Bonding goats dam raised and bottle babies
Ok I have a question about trying to bond with your pack goats. Bottle babies are the way to go IMHO, but  I have not seen or heard of people bottle feeding a dam raised goat. Is it not possible to do both let baby feed off mom and bottle feed once or twice a day.
Seems like that would be the best of both worlds. Has anyone done both and been successful?
I tried a hybrid bottle/dam approach early on and it was a dismal failure. I never attempted it again. It just made the kids angry because they weren't hungry enough to want to take a bottle, and me shoving it in their face and mouth just made them upset. I once bought a couple of two-week-old bottle kids and I was able to feed them bottles or put them on a willing dam until they got to the point that they preferred the dam (they nearly always prefer a real teat to a rubber one). In the end it didn't make any difference. My dam-raised kids are so bonded and attached to humans that you can't tell they weren't bottle raised except that instead of begging for food, they beg to be petted and held.
I've had both bottle raised and dam raised. My experience was exactly like Nanno. My kids just preferred their momma over a rubber nipple. I now only have dam raised babies. They are everybit as attached and bonded to me as my previous bottle babies. What I think is most important is spending a lot of with both the mom and babies taking them on walks, letting them out while I milk and just let them explore while you do chores.

My dam raised goats have everybit of a desire to follow me through the extremely rugged backcountry conditions I demand. They have all the heart and desire as my bottle raised boys. 

Bottle raised packgoats might have a slight edge over dam raised babies but from my experience its just too much work to bottle feed. Especially since I see no significant difference in their outcomes. I believe bucket bottle feeding is not the same as bottle feeding by hand.

Now if I didn't work and could bottle feed I would, but have had poor luck trying a hybrid method
I am just getting to the tail end of my first ever breeding season so I'm no authority on this topic but from my limited experience, a hybrid method is great in theory but the individual kids will determine if it will succeed or not. I have 9 kids. I have not tried to force a bottle on all of them but the 6 that I have at least offered a bottle to have been 50/50 on whether or not they are willing to take a bottle while mom is still in the equation.

All three are boys coincidentally (I have 6 boys and 3 girls). The first one to take a bottle refused a little bit at first but then decided it wasn't so bad and would take it after just a day or two. His brother (from a set of triplets) figured things out about 5 days later after I "plugged him in" for a few days. If I just opened his mouth and stuck the bottle in he would drink it but he wouldn't just latch on on his own for the first several days. Now he does. The last boy is one of my youngest and all I did was stick a bottle in his face and he latched on without any effort from me at all and he does so every time I offer a bottle. His twin won't take a bottle and fights me.

One thing I "think" is that dam raised kids are just bigger and healthier than straight bottle raised kids. I've had bottle babies in the past and these kids birthed her and left on their moms are huge compared to my bottle babies. I have a really big not quite 15 month old buck (33" and 187 lbs) that was bottle raised. I checked my records and he was 37 lbs at about 7 weeks old. His kids (and the kids from my other buck) have all blown past 37 pounds by 5 weeks old while being left on their moms. That includes bucklings and doelings. The dam raised kids are still very bonded to me, jump all over me and come to me for attention. I don't think anyone could tell the difference in my bottle babies from the past and my dam raised kids when they were all the same age.
(05-27-2022, 03:15 PM)CMGifford Wrote: One thing I "think" is that dam raised kids are just bigger and healthier than straight bottle raised kids. 

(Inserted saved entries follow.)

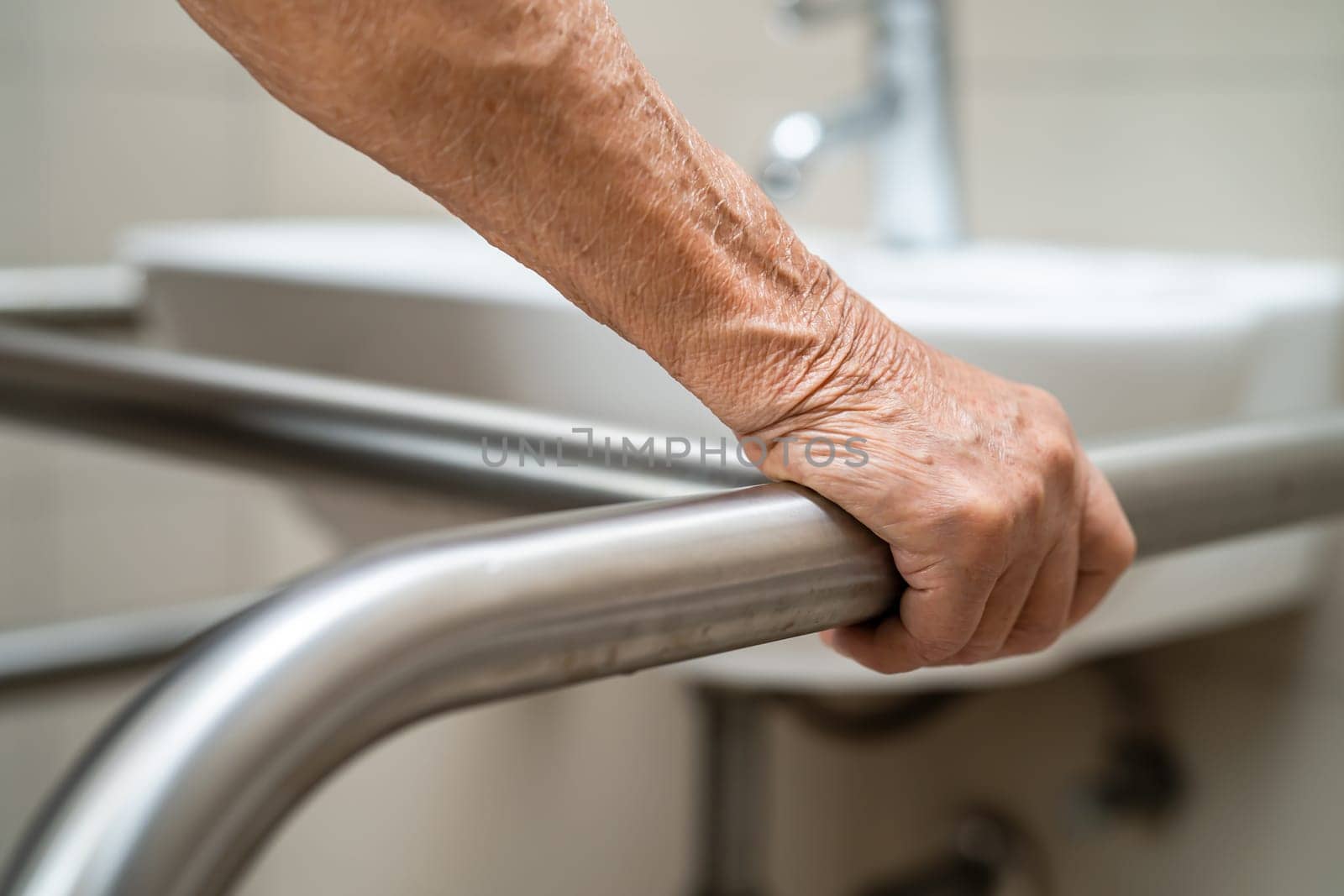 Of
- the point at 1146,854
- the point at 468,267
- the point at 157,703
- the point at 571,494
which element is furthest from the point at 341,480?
the point at 1146,854

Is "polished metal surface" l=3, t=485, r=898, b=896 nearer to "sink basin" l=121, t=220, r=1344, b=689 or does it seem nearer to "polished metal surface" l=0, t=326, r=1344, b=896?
"polished metal surface" l=0, t=326, r=1344, b=896

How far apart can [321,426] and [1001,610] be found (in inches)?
7.9

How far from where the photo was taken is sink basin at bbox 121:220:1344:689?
0.50 m

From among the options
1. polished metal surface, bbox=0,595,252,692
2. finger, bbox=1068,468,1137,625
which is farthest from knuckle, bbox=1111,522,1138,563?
polished metal surface, bbox=0,595,252,692

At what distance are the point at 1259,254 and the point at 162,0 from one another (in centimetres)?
76

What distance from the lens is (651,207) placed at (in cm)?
27

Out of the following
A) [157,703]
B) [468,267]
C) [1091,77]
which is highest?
[1091,77]

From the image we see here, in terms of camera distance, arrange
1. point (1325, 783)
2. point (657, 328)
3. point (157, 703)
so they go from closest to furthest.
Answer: point (157, 703) < point (657, 328) < point (1325, 783)

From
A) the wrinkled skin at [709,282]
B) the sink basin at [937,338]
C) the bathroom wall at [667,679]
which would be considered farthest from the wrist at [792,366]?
the bathroom wall at [667,679]

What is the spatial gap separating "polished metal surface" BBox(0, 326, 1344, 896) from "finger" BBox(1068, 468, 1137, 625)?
0.20ft

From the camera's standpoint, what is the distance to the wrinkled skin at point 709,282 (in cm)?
25

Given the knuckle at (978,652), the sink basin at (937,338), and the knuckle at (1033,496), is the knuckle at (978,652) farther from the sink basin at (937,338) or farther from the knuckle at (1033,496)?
the sink basin at (937,338)

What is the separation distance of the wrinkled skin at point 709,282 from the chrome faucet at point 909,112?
1.79 feet

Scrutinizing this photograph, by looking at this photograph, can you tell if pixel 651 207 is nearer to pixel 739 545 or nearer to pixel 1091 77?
pixel 739 545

^ THIS! When it comes right down to it, humans just can't replicate a good natural feeding regimen. Moms feed their kids many times/day in small meals while we have to consolidate them into larger meals fewer times/day. We can't safely feed kids as much milk in 24 hours as a goat mom can. Dam-raised kids also start eating solid foods much earlier than bottle babies. Plus there's the social aspect that we just can't replicate. Kids love to snuggle up to each other, but they also love to snuggle up to their moms, and I can't help but believe that this "parent" factor and the safety, warmth, and security that comes with it contributes to a healthier, less stressed mental state. Less stress=healthier, more robust kids. Not only are they bigger, they're more resistant to things like coccidia, parasites, and digestive issues (which are common in bottle kids but rare in dam-raised). When I go to goat shows, I regularly get extra checks on my kids' date of birth because they are always substantially (and sometimes I mean substantially!) bigger than the others in their age division. Dairy kids are almost universally bottle raised. My junior kids are easily as large as intermediate kids, and sometimes as big as the senior kids!